#### Action item
In this exercise, each record below is to be written out again exactly.

#### Extracted material

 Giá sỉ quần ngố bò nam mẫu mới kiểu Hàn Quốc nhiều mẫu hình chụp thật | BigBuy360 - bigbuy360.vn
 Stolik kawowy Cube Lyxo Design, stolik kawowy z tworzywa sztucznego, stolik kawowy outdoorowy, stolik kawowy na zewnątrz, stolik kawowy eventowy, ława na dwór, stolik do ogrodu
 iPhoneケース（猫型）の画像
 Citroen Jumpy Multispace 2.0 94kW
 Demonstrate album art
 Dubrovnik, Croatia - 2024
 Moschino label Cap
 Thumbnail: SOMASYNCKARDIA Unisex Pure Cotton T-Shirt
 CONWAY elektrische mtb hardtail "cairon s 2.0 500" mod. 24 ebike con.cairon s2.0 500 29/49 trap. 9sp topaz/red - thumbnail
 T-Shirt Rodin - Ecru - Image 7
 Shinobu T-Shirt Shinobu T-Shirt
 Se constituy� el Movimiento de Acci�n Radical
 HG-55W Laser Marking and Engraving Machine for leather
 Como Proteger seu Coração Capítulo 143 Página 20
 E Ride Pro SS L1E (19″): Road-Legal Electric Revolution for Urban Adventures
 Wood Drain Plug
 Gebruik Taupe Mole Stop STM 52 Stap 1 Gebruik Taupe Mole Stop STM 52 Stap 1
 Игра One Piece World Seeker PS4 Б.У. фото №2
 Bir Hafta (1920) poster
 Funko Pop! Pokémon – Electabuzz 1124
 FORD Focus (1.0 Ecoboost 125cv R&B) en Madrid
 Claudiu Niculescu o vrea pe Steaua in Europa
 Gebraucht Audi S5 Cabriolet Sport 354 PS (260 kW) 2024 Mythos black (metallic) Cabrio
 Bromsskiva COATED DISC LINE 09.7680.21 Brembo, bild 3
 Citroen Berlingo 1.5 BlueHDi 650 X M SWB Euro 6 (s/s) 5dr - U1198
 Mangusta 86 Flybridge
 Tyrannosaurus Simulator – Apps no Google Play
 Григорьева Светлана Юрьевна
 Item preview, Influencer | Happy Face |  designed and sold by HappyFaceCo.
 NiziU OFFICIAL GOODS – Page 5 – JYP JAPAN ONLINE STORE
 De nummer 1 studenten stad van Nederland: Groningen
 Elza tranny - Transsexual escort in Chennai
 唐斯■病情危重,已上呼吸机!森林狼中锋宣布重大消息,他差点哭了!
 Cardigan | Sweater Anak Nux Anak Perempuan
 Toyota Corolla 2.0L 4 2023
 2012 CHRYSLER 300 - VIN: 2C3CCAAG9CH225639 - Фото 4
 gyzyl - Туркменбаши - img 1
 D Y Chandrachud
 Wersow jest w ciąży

#### Solved exercise
 Giá sỉ quần ngố bò nam mẫu mới kiểu Hàn Quốc nhiều mẫu hình chụp thật | BigBuy360 - bigbuy360.vn
 Stolik kawowy Cube Lyxo Design, stolik kawowy z tworzywa sztucznego, stolik kawowy outdoorowy, stolik kawowy na zewnątrz, stolik kawowy eventowy, ława na dwór, stolik do ogrodu
 iPhoneケース（猫型）の画像
 Citroen Jumpy Multispace 2.0 94kW
 Demonstrate album art
 Dubrovnik, Croatia - 2024
 Moschino label Cap
 Thumbnail: SOMASYNCKARDIA Unisex Pure Cotton T-Shirt
 CONWAY elektrische mtb hardtail "cairon s 2.0 500" mod. 24 ebike con.cairon s2.0 500 29/49 trap. 9sp topaz/red - thumbnail
 T-Shirt Rodin - Ecru - Image 7
 Shinobu T-Shirt Shinobu T-Shirt
 Se constituy� el Movimiento de Acci�n Radical
 HG-55W Laser Marking and Engraving Machine for leather
 Como Proteger seu Coração Capítulo 143 Página 20
 E Ride Pro SS L1E (19″): Road-Legal Electric Revolution for Urban Adventures
 Wood Drain Plug
 Gebruik Taupe Mole Stop STM 52 Stap 1 Gebruik Taupe Mole Stop STM 52 Stap 1
 Игра One Piece World Seeker PS4 Б.У. фото №2
 Bir Hafta (1920) poster
 Funko Pop! Pokémon – Electabuzz 1124
 FORD Focus (1.0 Ecoboost 125cv R&B) en Madrid
 Claudiu Niculescu o vrea pe Steaua in Europa
 Gebraucht Audi S5 Cabriolet Sport 354 PS (260 kW) 2024 Mythos black (metallic) Cabrio
 Bromsskiva COATED DISC LINE 09.7680.21 Brembo, bild 3
 Citroen Berlingo 1.5 BlueHDi 650 X M SWB Euro 6 (s/s) 5dr - U1198
 Mangusta 86 Flybridge
 Tyrannosaurus Simulator – Apps no Google Play
 Григорьева Светлана Юрьевна
 Item preview, Influencer | Happy Face |  designed and sold by HappyFaceCo.
 NiziU OFFICIAL GOODS – Page 5 – JYP JAPAN ONLINE STORE
 De nummer 1 studenten stad van Nederland: Groningen
 Elza tranny - Transsexual escort in Chennai
 唐斯■病情危重,已上呼吸机!森林狼中锋宣布重大消息,他差点哭了!
 Cardigan | Sweater Anak Nux Anak Perempuan
 Toyota Corolla 2.0L 4 2023
 2012 CHRYSLER 300 - VIN: 2C3CCAAG9CH225639 - Фото 4
 gyzyl - Туркменбаши - img 1
 D Y Chandrachud
 Wersow jest w ciąży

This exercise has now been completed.